Those kernel hackers with their "don't break userspace" mantra should maybe
not break stuff like this so willynilly...
/cc @raven-au
Yes, this is an age old problem from the autofs fork of version 3
to version 4, well before I took on maintenance of autofs.
I have to apologize for not getting onto renaming the autofs4 module
to autofs for such a very long time so that module auto-loading would
work.
That has been done now and should work from kernel 4.17+.

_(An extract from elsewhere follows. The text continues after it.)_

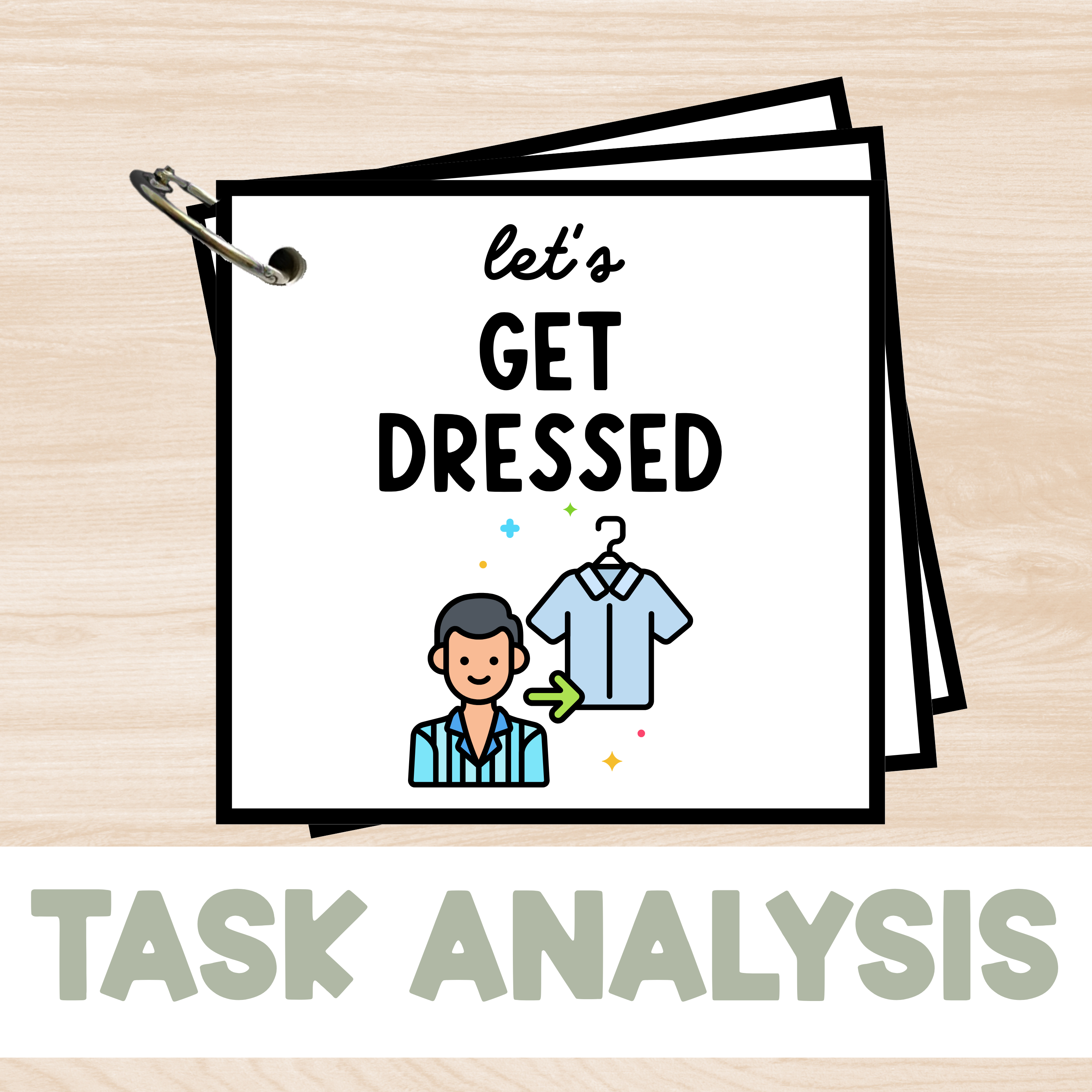 Getting Dressed Task Analysis Cards – 6-Step Visual Set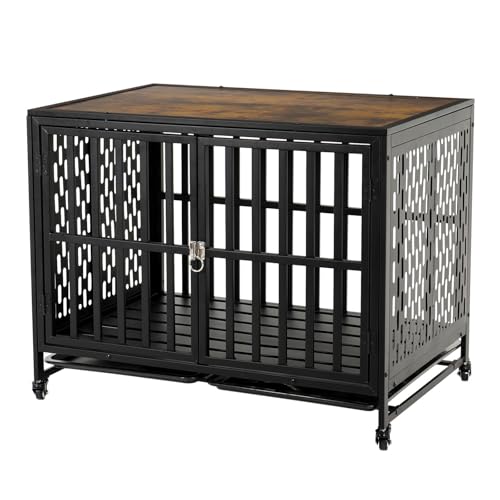 42 inch Black Heavy Duty Dog Crate Furniture D257264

I'm not sure that adding a MODULE_ALIAS("autofs") to the kernel source
in fs/autofs4/init.c (kernel < 4.17 of course) will be enough but it's
worth a try.
OTOH if you are loading modules by name and you're loading autofs4.ko,
as that was the module name, that should work ok without an alias for
pre 4.17 kernels ... so I'm not sure from above what the problem
actually is?
Perhaps it's the module rename of 4.17+ that is the problem, oops!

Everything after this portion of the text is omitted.